The Hidden Beliefs
and Coded Politics
of William Shakespeare
By Clare Asquith
PublicAffairs, 348 pp. $26.95
Few masterpieces contain as many chestnuts as Hamlet. Take this one: "The play's the thing/ Wherein I'll catch the conscience of the King." With these words, Prince Hamlet welcomes a theatrical troupe whose performance will unmask adultery and regicide in the Danish court.

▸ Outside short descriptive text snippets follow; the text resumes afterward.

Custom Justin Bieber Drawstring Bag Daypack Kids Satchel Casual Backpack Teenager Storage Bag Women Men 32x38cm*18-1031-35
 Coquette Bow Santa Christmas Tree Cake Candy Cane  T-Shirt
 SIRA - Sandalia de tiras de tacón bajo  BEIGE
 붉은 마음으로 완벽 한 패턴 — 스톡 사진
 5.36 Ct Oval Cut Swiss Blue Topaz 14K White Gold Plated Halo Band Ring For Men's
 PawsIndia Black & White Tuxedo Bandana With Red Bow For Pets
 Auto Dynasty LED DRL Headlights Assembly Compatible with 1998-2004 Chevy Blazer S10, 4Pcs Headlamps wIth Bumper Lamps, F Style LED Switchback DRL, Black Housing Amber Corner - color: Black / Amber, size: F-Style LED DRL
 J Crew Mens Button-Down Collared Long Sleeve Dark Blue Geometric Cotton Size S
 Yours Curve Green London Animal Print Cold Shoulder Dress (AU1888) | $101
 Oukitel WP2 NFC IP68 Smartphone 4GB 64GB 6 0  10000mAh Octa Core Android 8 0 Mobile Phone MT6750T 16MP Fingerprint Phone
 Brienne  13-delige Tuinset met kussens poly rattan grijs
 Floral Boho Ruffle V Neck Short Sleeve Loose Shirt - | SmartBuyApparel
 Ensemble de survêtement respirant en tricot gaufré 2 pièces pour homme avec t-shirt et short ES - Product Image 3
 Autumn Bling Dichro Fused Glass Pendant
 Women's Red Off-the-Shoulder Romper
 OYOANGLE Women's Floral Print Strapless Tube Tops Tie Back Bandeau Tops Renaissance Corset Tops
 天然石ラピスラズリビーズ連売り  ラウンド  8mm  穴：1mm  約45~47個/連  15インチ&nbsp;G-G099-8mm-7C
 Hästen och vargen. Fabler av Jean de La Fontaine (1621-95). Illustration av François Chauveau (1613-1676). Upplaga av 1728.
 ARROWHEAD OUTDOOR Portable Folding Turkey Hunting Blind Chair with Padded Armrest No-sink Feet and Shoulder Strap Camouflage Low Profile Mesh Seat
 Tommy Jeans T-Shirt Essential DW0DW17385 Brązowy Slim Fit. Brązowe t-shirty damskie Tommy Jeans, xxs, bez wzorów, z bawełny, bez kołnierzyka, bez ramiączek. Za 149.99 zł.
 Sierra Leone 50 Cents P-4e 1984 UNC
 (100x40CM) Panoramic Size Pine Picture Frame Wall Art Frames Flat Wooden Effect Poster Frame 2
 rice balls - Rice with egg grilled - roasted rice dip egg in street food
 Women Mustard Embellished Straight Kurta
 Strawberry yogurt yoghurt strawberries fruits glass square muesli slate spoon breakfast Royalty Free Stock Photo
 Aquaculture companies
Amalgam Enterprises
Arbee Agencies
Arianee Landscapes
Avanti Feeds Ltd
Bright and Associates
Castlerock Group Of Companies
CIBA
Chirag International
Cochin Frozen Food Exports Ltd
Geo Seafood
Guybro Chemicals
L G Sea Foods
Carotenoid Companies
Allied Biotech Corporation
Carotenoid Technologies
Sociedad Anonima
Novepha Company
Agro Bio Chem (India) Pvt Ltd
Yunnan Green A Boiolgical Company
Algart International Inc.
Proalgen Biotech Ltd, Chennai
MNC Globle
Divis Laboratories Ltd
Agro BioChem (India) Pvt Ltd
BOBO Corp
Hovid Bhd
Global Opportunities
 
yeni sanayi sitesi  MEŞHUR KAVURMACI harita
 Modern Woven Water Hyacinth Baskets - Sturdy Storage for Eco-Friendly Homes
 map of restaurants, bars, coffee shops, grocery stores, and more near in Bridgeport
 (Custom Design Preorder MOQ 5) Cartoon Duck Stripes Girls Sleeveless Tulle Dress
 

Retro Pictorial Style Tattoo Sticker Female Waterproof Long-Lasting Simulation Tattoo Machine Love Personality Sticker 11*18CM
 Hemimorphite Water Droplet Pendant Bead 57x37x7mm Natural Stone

Aphorisms wither faster than cut flowers, but sometimes old saws reveal new truths. Long before these lines became shopworn, they hinted at Shakespeare's modus operandi: In Shadowplay , Clare Asquith argues that the bard was using the theater of his day just as Hamlet did -- to send dangerous, skillfully encoded messages to his audience and his monarch. Hence, she writes, "it took not only intellectual brilliance but exceptional courage and constancy" to create and perform the greatest plays ever written.
Asquith is surfing an intriguing new wave of research: Shakespeare, it goes, was a closet Catholic at a time when the Church was banned. And far from presiding over the Golden Age, Queen Elizabeth I was running a police state, marked by raids, seizures, imprisonment and grisly executions, where informants snitched on private citizens. The court of her successor, James I, was worse.
Shakespeare's plays, Asquith suggests, encouraged patience and perseverance among the beleaguered Catholics and urged England's rulers to curtail the frequent crackdowns and persecutions.
What we do know: Shakespeare's Stratford was a center of religious resistance to the "new religion"; his father left a written testament of his enduring Catholic faith; Shakespeare's daughter, Susannah, was a "recusant," charged with refusing to attend Protestant services. The Ardens, Shakespeare's mother's family, were staunch Catholics whose chieftain, Edward Arden, was executed for his beliefs in 1583 by the usual method (he was dragged on a hurdle behind horses, then hanged, cut down alive, disemboweled and castrated before his heart was cut out).